В прошлом году исполнилось 30 лет фильму Владимира Хотиненко «Макаров», являющемуся одной из знаковых работ, выпущенных на Свердловской киностудии. Фантасмагорическая картина, снятая под сильным влиянием Луиса Бунюэля, бесстрашно исследует постперестроечную эпоху в мрачном конструктивистском Екатеринбурге на примере поэта, нашедшего пистолет. О том, как Хотиненко изображает переходное время страны через игру с именами и тавтологиями, как связана поэтическая речь и оружие и почему поэт Макаров пишет вместо стихов заявления в милицию, рассказывает Руслан Комадей.
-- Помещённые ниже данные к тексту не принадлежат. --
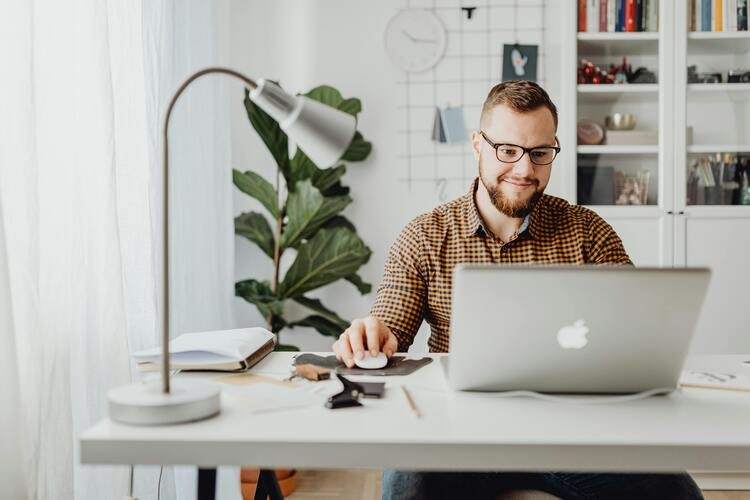 Descomplicando o Planejamento Financeiro para Jovens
Владимир Хотиненко, как и Алексей Балабанов, начинал свою карьеру на Свердловской киностудии. Именно в Свердловске 30 лет назад Хотиненко снимает свой самый изломанный, самый погруженный в эпоху страны, самый поэтичный фильм «Макаров» (1993) с молодым Сергеем Маковецким в главной роли.
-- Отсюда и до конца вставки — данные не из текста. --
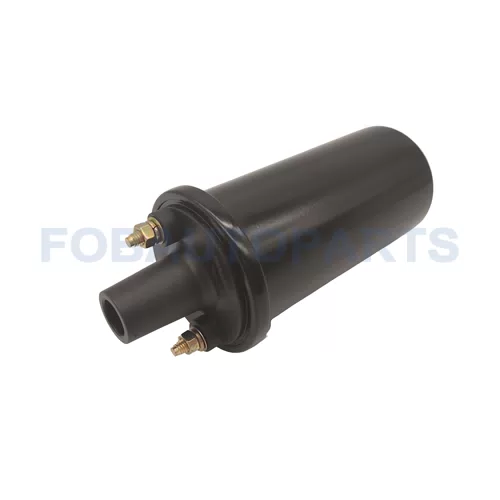 Auto Parts Ignition Coil for Saga 12V Nissan C22 GIC-118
Хотиненко до начала своего «свердловского периода» успел поработать ассистентом на ранних фильмах Никиты Михалкова [1] («Пять вечеров» (1979), «Несколько дней из жизни И.И. Обломова» (1980), «Родня» (1981). У раннего Михалкова Хотиненко взял пасторальность и мягкое ощущение ностальгии. Герои михалковских фильмов 70-х годов находятся во времени, которое отказывается становиться прошлым, оно одновременно близко и далеко, его можно приятно потягивать, как вино на веранде, и только иногда опасаться, что идиллия вот-вот лопнет. В своих же первых фильмах Хотиненко эти ощущения исследует на примере современности, отказываясь от условного «чеховского» или «белоэмигрантского» времени. Его главный фильм 80-х «Зеркало для героя» (1987) – мучительная притча о двух мужчинах, споткнувшихся о проволоку и попавших из места перестроечных перемен в послевоенный шахтерский город 46-го года проживать один и тот же день. И полузабытое к 87-му году ощущение большой войны настигает героев неизжитой травмой, исключая всякую парадную сентиментальность. В этом второе отличие от раннего Михалкова: Хотиненко создавал разрывы в этом сладком ностальгическом чувстве, которое, кажется, вот-вот нахлынет с помощью пространственных, временных провалов и смещений.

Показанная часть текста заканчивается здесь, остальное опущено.